En ese relato corto, el autor de Los viajes de Gulliver ofrece a la consideración del público (tras comenzar destacando que "es melancólico para quienes pasean por esta gran ciudad o viajan por el campo, ver las calles, los caminos y las puertas de las cabañas atestados de mendigos del sexo femenino seguidos por tres, cuatro o seis niños, todos en harapos, importunando a los viajeros por una limosna") la posibilidad de reducir a la vez el hambre de gran parte de la población, el exceso de niños mendicantes y el número de papistas, destinando algunos miles de recién nacidos "a alimento delicioso y saludable".

La propuesta, obvio es, no tuvo favorable acogida.
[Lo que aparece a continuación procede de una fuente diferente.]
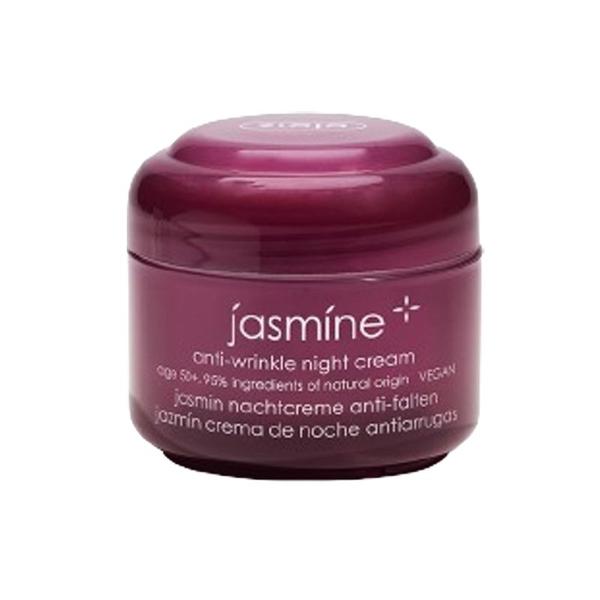 Crema de Noapte Antirid 50+ - Ziaja Jasmine Anti-Wrinkle Night Cream, 50 ml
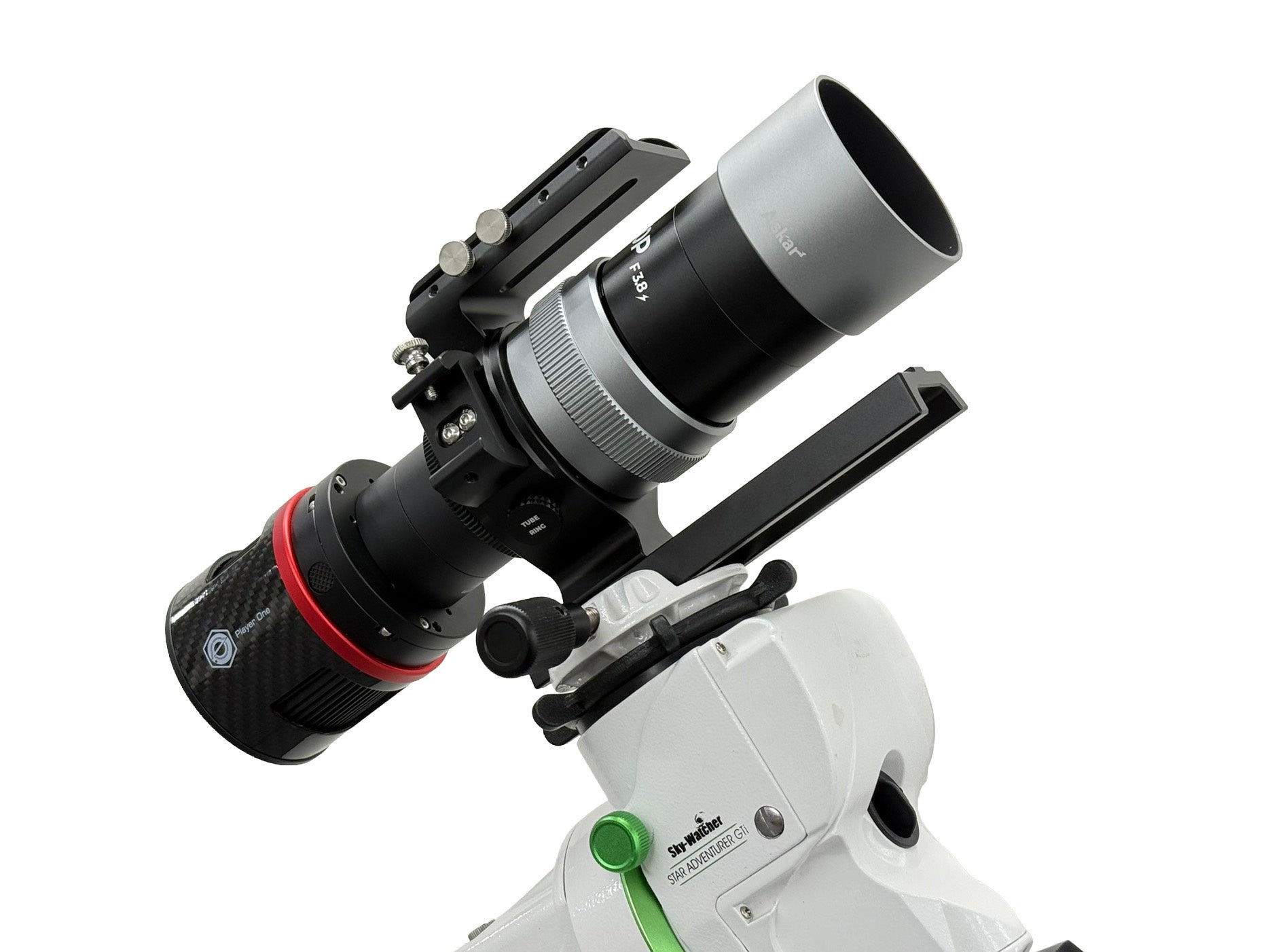 サイトロンジャパン、F3.8のコンパクトな天体撮影用鏡筒「Askar 50P」を発売 - 画像6
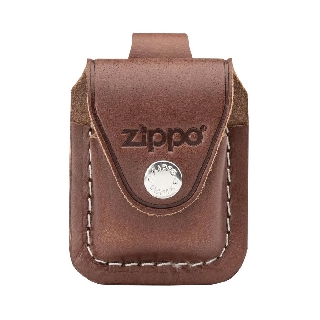 Zippo LPLB Lighter Pouch With Loop - Brown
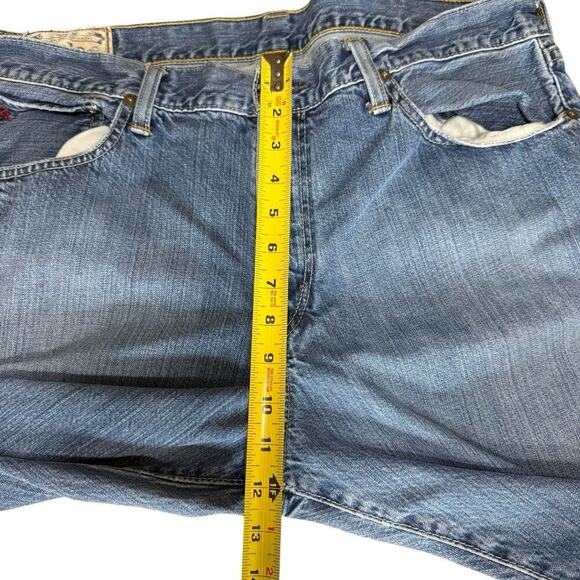 Vintage Polo Ralph Lauren Jeans Men's 36x32 Blue Straight Leg Medium Wash Denim - Picture 11 of 11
El hambre, de una manera u otra, siguió azotando Irlanda hasta bien entrado el siglo XX; y muchos de esos críos para los que Swift defendía un final indoloro al estilo del festín de Babette, terminaron siendo utilizados como carne de cañón del Imperio británico.

Poco podía imaginar Swift que dos siglos más tarde en Europa habría un problema generalizado de sobrepeso y que una de las principales cuestiones que tendrían que abordar los gobiernos sería no cómo alimentar a los niños, sino cómo afrontar las pensiones (figura de tan reciente creación) de un número cada vez más numeroso de viejos. Es muy probable que, enfrentado al problema, el irlandés realizara alguna que otra proposición al estilo de la de 1729, y que se cuestionara algunos de los elementos principales que hoy modulan esos pagos.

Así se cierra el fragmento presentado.